SandHill.com: Who are the people behind your company (advisors, investors)?
Aruna Schwarz: The key team members in Stelae Technologies include Pierre Fraisse (CTO), who has been with us from the start. Pierre is a graduate of the Ecole Polytechnique in France and a leading expert with over 25 years of experience in semantic, search & XML technologies.
Frank Bevis is our COO. As CEO of Konnect Soft, UK, he was initially a Value Added Reseller in 2008. Frank has held positions in marketing, product management and sales with Agfa/Bayer AG, CA Computer Associates, and TFPL as director of the publishing division.
Other board members in Stelae Technologies include Chandu Nair (with over 20 years’ experience in the BPO/KPO sectors in India as founder of Scope Knowledge Services, which was acquired by Quatrro in 2008), and Revathy Ashok (from the Indian Angel Network).
SandHill.com: If you could spend an afternoon this month with a top exec in a well-established software firm to learn some insights from the exec, who would you choose?
Aruna Schwarz: Larry Ellison. 
SandHill.com: If you could go back and live another business day over again, when would it be?
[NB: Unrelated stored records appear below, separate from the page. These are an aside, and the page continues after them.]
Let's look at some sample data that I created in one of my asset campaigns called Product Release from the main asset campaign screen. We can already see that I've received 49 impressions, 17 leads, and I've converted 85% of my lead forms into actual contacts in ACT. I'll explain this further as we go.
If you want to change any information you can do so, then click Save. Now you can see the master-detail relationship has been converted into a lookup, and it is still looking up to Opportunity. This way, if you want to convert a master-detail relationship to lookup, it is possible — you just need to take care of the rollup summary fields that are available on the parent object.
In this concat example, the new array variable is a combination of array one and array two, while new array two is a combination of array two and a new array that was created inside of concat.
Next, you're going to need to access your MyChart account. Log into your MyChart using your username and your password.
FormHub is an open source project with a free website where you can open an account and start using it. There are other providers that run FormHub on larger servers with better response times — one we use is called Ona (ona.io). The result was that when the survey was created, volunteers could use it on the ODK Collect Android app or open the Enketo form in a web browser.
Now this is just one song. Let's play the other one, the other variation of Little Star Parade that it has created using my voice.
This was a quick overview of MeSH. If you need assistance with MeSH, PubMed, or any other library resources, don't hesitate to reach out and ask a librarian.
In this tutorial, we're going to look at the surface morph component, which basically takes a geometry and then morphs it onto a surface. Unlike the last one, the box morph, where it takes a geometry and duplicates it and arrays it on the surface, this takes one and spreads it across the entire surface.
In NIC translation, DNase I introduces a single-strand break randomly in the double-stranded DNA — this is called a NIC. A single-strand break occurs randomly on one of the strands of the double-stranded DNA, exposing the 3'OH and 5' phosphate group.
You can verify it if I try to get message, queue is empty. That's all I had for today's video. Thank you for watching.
What happened that day? 
Aruna Schwarz: The day we got our first purchase order from our beta customer and money in the bank. Each purchase order gives me the greatest buzz and still continues to do so.
SandHill.com: What have you, as the company leader, found it necessary to do in order to build a corporate environment that will enable your employees to move beyond the early stage of a startup?
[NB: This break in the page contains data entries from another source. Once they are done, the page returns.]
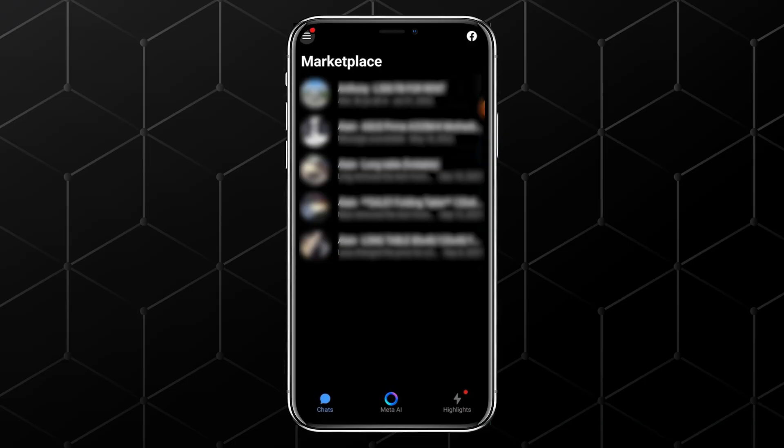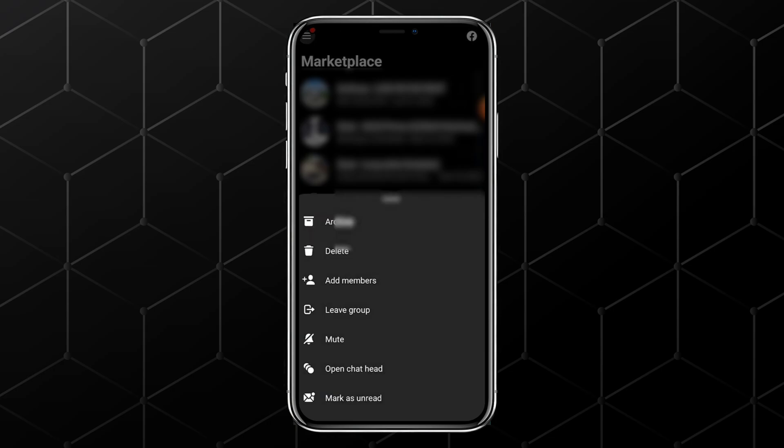All you need to do is press and hold on the conversation you want to remove. When you do this, a small menu will pop up with options. Simply tap on Delete and that chat will be removed from your Marketplace inbox.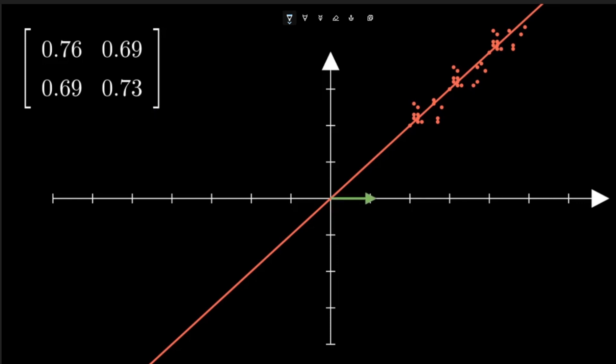Let us take any vector (1, 0) and then see what happens if I apply linear transformation in this coordinate space using this covariance matrix.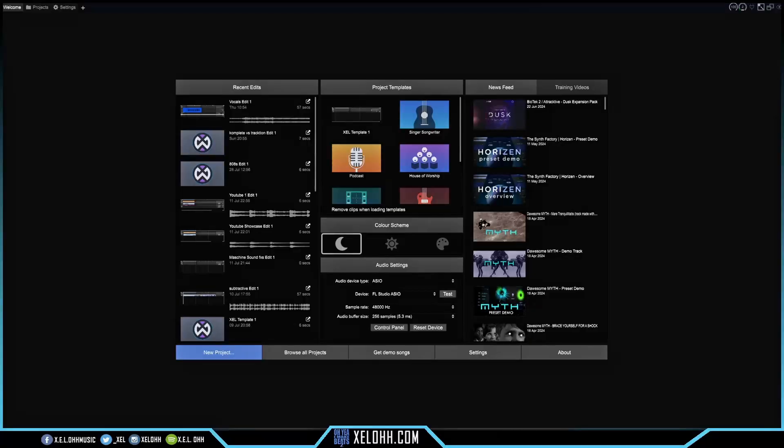Welcome back to the channel — it's your boy X.E.L.O. Thank you for coming back. If you are new here, do me a favor and like, subscribe, and hit that bell notification so you'll know when I drop another video. Today, in Traction Waveform, I'm going to show you how to set up auto tune inside of Waveform 13. If you purchased Waveform 13 Pro, it currently comes with auto tune included, so let's check it out.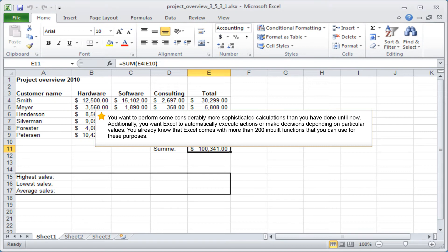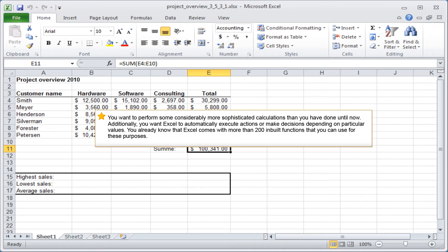You want to perform some considerably more sophisticated calculations than you have done until now. Additionally, you want Excel to automatically execute actions or make decisions depending on particular values. You already know that Excel comes with more than 200 inbuilt functions that you can use for these purposes.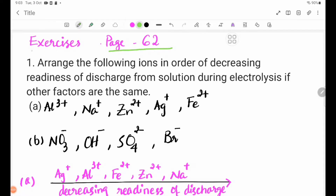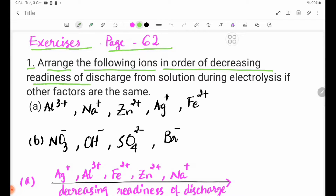Chapter 4, Exercise 1. Arrange the following ions in order of decreasing readiness of discharge from solution during electrolysis, if other factors are the same.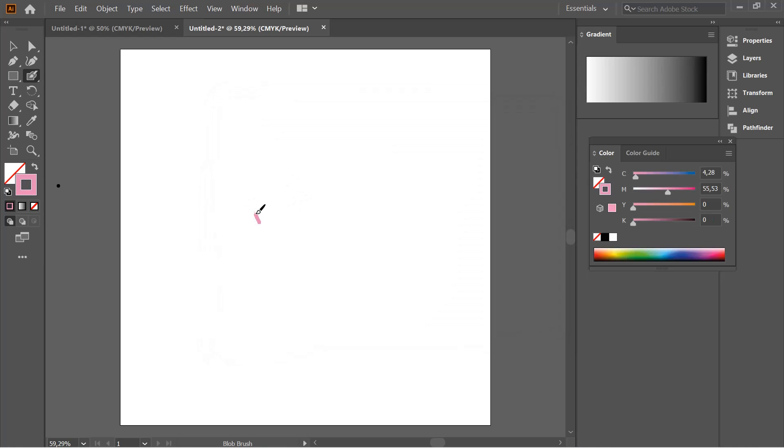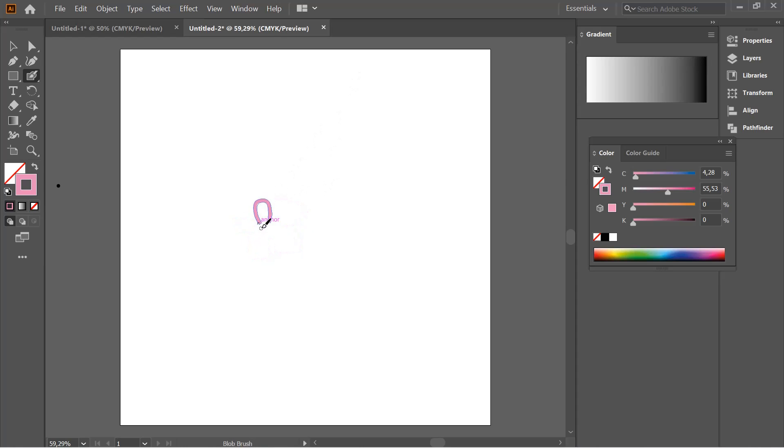Okay and I am just going to draw, well I'm just going to attempt to, I can't draw a freaking flower. For some reason it's so difficult to freehand draw on here.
Aruna Schwarz: My personal role besides holding the team together has been to raise six rounds of funding with angel investors in Europe, Israel and India and create a solid base of contacts. Creating brand awareness and visibility for the company through participation as a speaker at various events in India and Europe and selection to organizations like Astia have created the foundation for the growth phase of our company.
SandHill.com: What do the next 12 months hold for your company?
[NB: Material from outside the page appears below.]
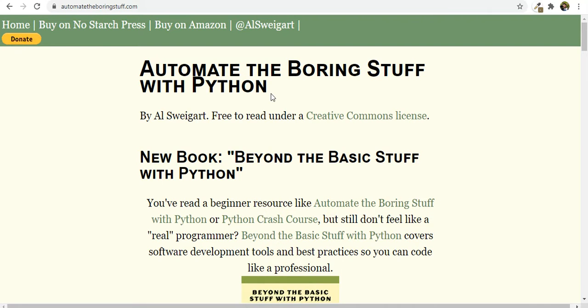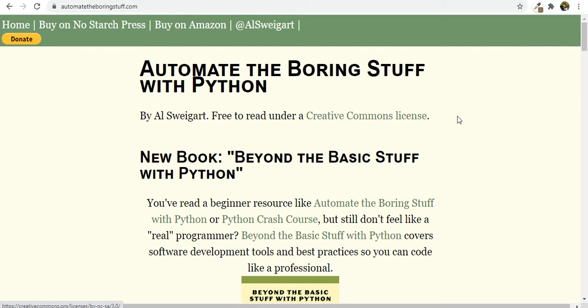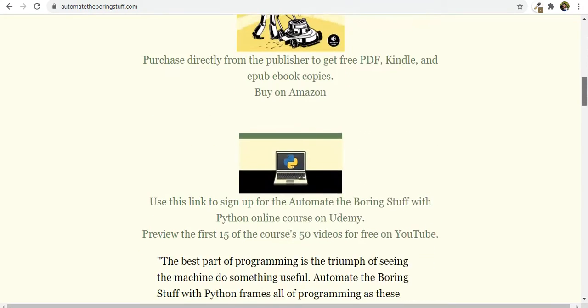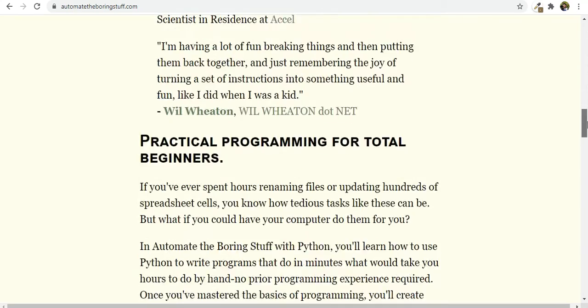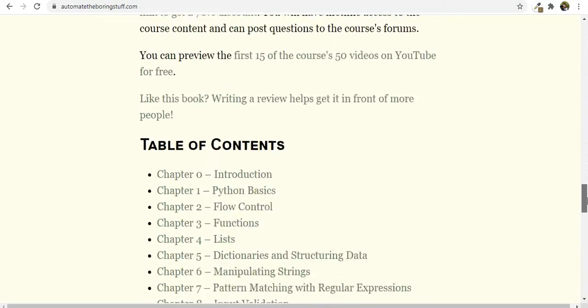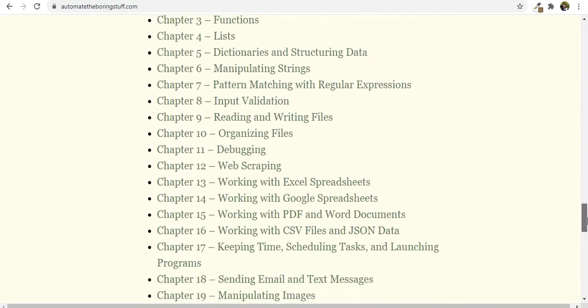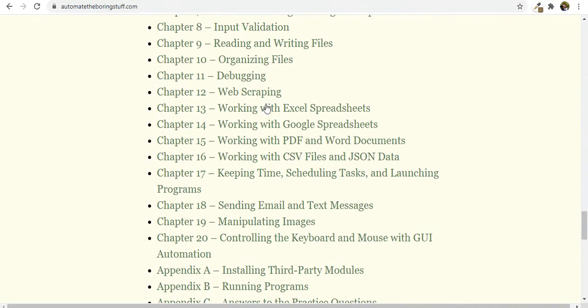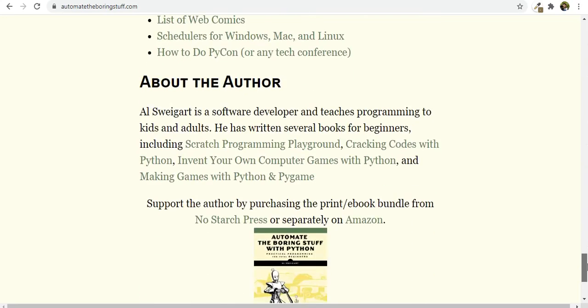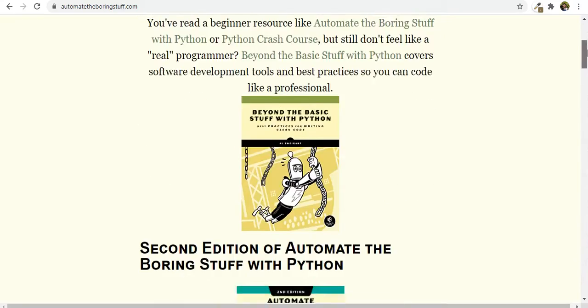A lot of people know this book and the writer is Al Sweigart and you can find this book which is free to read under a Creative Commons license on this website AutomateTheBoringStuff.com. You see he has written a lot of other books, amazing books, a lot of projects in them, it's hands-on, it's awesome. You can see all the chapters here and the additional content as well. So this is amazing, this book.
Aruna Schwarz: The launch of Khemeia Version 4.0 with upgraded processing capacity (under one second per page). It’s currently in test phase and is scheduled for March 2013. Our focus is on increased customer acquisition in the legal content, technical documentation and company account processing sectors and acquiring additional partners in the categories of System Integrator Technologies in the UK, VARs and technology vendors. Also, an institutional funding round to accelerate growth and expansion.
SandHill.com: What’s your top advice for first-time entrepreneurs or startup CEOs?
Aruna Schwarz: Product development is a tough game, especially when you acquire your first customer and have to face implementation challenges while in parallel bug-fixing the software. Cash is tough (difficult to acquire new customers when product is still in nascent stage) — but do not be diverted/distracted to try and find other revenue streams (selling out your CTO on consulting assignments, distribution of other products, etc.). This will seriously compromise your own product development and any chances of building value.
SandHill.com: When you encounter challenges or setbacks, how do you pull yourself back up and become inspired again?
Aruna Schwarz: Customers, customers and more customers. Each time we had a serious cash setback, a new purchase order inspired me to carry on. 
Aruna Schwarz, CEO and founder of Stelae Technologies, founded the company in 2002 in Paris, funded by a group of private investors. Aruna has prior experience in marketing, product management and business development in the telecommunications and technology sectors with BT (UK), Cable & Wireless (UK, France, EMEA), 9 Telecom (France) and Rosebud Technologies (a content management solutions vendor).
Di Freeze is editor at SandHill.com.